Foi mais um dia de emoções fortes no mercado da dívida pública e de notícias muito negativas para os países do Sul da Europa, incluindo Portugal. Na segunda-feira, a Standard & Poor"s já tinha anunciado a decisão de colocar as classificações de risco atribuídas às dívidas portuguesa e grega com uma tendência negativa. É desta forma que as agências de notação financeira fazem um pré-aviso de uma quase inevitável descida de rating futura. Na terça-feira, outra agência, a Fitch, baixou mesmo a classificação grega e ontem, de novo a Standard & Poor"s colocou também a Espanha sob tendência negativa.

Os avisos das agências são a consequência da deterioração das finanças públicas a que se tem assistido em toda a Europa por causa da crise, com especial incidência nestes países.

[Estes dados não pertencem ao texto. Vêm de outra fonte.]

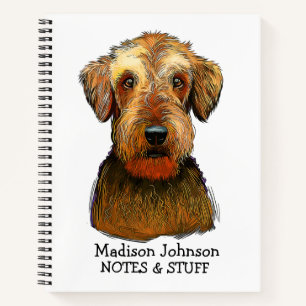 Back to school Airedale Terrier notebook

Os mercados obrigacionistas, onde os Estados garantem o seu financiamento, reagiram muito negativamente a estes desenvolvimentos. A diferença entre as taxas de juro das obrigações do tesouro gregas, espanholas e portuguesas subiu fortemente face aos títulos mais seguros da Europa, os alemães.

No caso português, a subida foi, até ao final da tarde de ontem, de cerca de 11 pontos base, mais do que os sete pontos da Espanha, mas bastante menos que os cerca de 30 pontos da Grécia. Portugal regista algo que já não acontecia há meses, uma taxa de juro nas suas obrigações a 10 anos superior à italiana, o que revela a desconfiança crescente dos investidores em relação ao risco que assumem quando emprestam dinheiro ao Estado português.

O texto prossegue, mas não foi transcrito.